I like to use clipped shoes and prefer to hot fit the steel shoes if the horse will tolerate it. The clips make a more secure job while the hot fit has various benefits. The burnt in clipped shoe will form a pocket at the base of the clip for a tight fit allowing less nails. The seating of the hot shoe seals the tubules to prevent moisture loss and pathogen access while sanitizing the nailing area so there is less chance of invasion of the hoof capsule when you drive the nails. The heat also pulls moisture from the hoof wall down to where the nail exits the hoof, causing less breakage at the clinches.

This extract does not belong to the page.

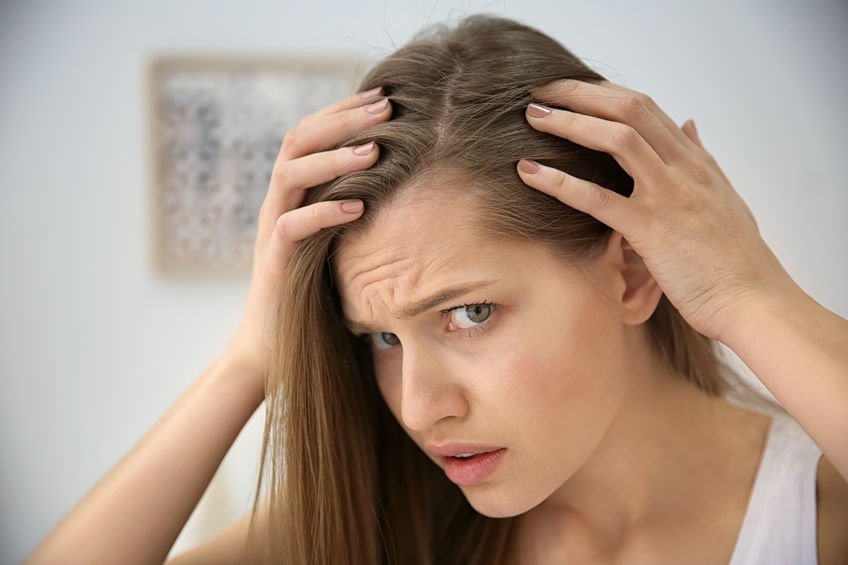 HairLossWOMEN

There are a lot of new materials used in orthotics: plastic, urethane, aluminum alloys, titanium, copper alloys, etc...all with different situations in mind for their application. Some are traditional applications, some use glue protocols, and some are attachable boots that can be removed whenever desired. Depending on what your horses needs are and the logistics involved we can make a shoeing protocol that's meets the horse's needs and your needs.

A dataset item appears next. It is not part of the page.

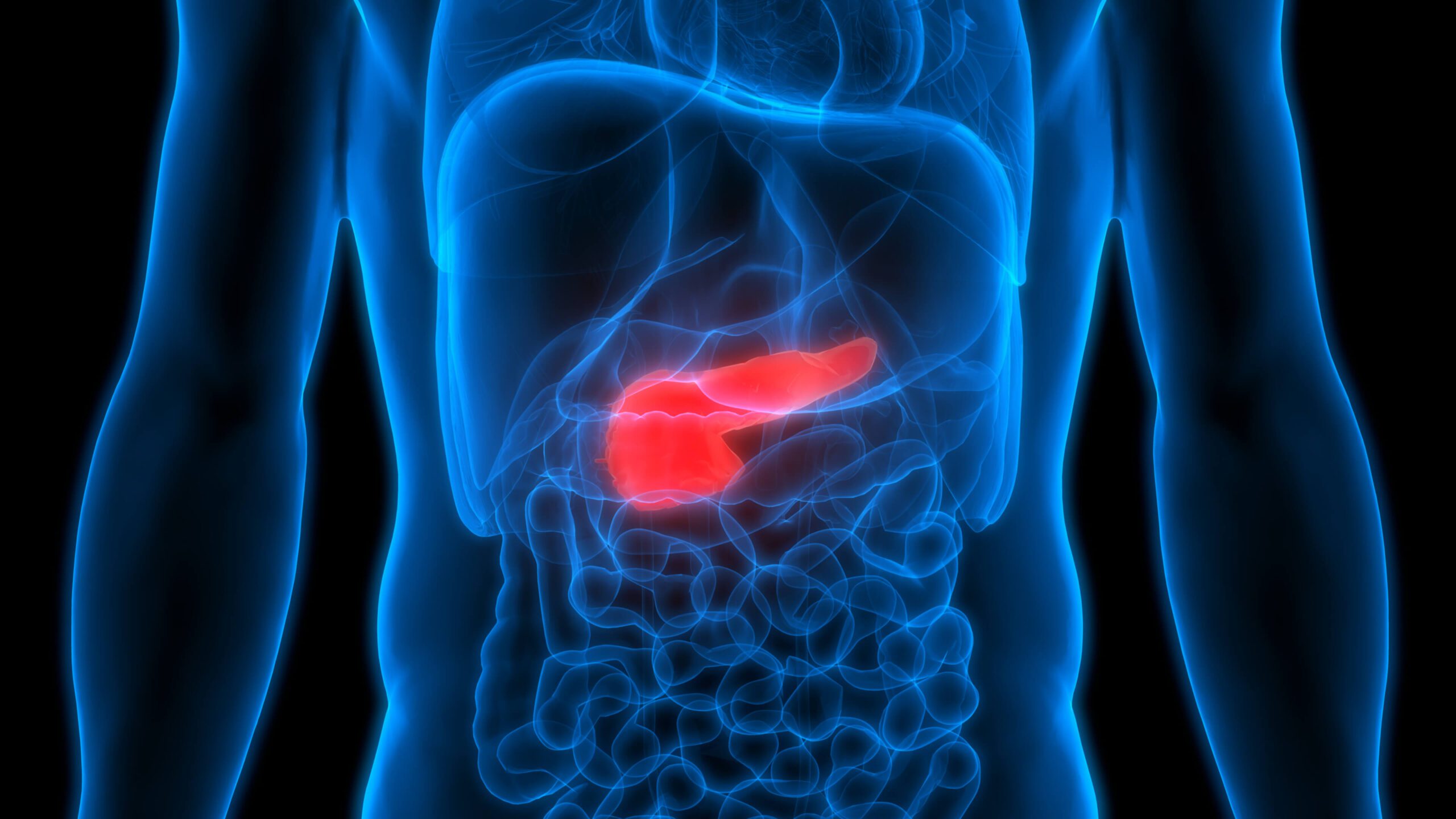 pancreatic-cancer-nrollmed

Pads and hoof packing are a consideration when your horse has a thin sole, bruising, needs caudal support for various maladies, needs treatment for thrush and canker, needs increased angulation of the hoof, or needs frog pressure. We have many different types of support packings from firm, medium, to soft, and now a new memory foam packing I've had good success with. There are also medicated types such as Magic Cushion, Forshners, Vet Tech copper sulfate, etc... Just a leather pad will help protect soles. The tanning process for the leather releases an anti-fungal solution when the foot sweats or is in a wet environment.

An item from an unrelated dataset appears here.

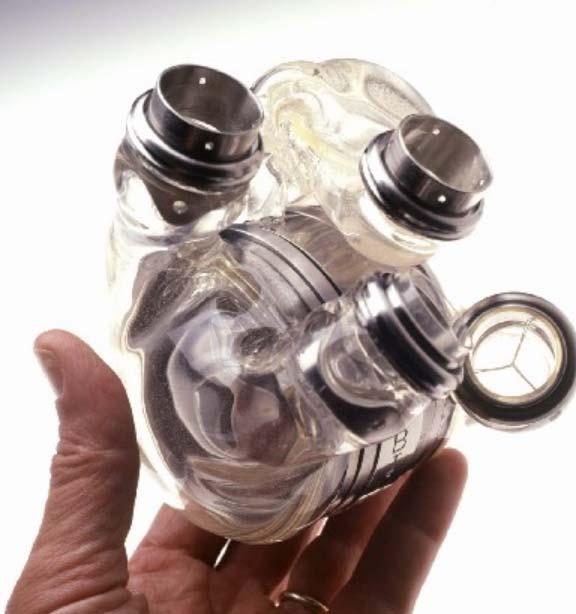 Artificial Heart Image: health.howstuffworks.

Whether bare foot or shod you should regularly clean the foot and frog sulci. Wash the bottom of the hoof with a betadine solution and let it dry to minimize bacterial and fungal build up. Treat the hoof with an anti-thrush medication a couple times a month to prevent or more if there is a thrush or white line invasion.
Trimming and shoeing schedules depend on the growth rates of the horse. Growth rates are effected by age, breed, use levels, and type of riding. With the onset of colder weather the growth rate gradually slows, making your horse's schedule a changing factor every visit. Also the weather conditions that we encounter in the span of time between visits needs to be addressed. Snow and icy conditions will need additional consideration. Snow pads and traction, the owners input on use levels, stabling and turnout, and more are all important bits of information to make a good choice for the winter shoeing package.
If pulling the shoes on a horse that was shod all summer is something you’re considering, then removing the shoes early enough to allow the horse to acclimate to barefoot before the ground freezes is a must. The old nail holes will break away even with a good trim and the soles will become slightly sore until they callous becoming tougher. Treating the soles with Venice Turpentine, Keratex Hoof Hardener, Durasole, or any of the numerous products on the market will help with the transition to barefoot for the horse. While a bit of "walking on eggshells" is common, if your horse limps excessively, refuses to move, or constantly laying down then a visit from your farrier or vet is a good idea.
Thank you for your time in reading and I hope your fall riding and winter break is enjoyable and safe.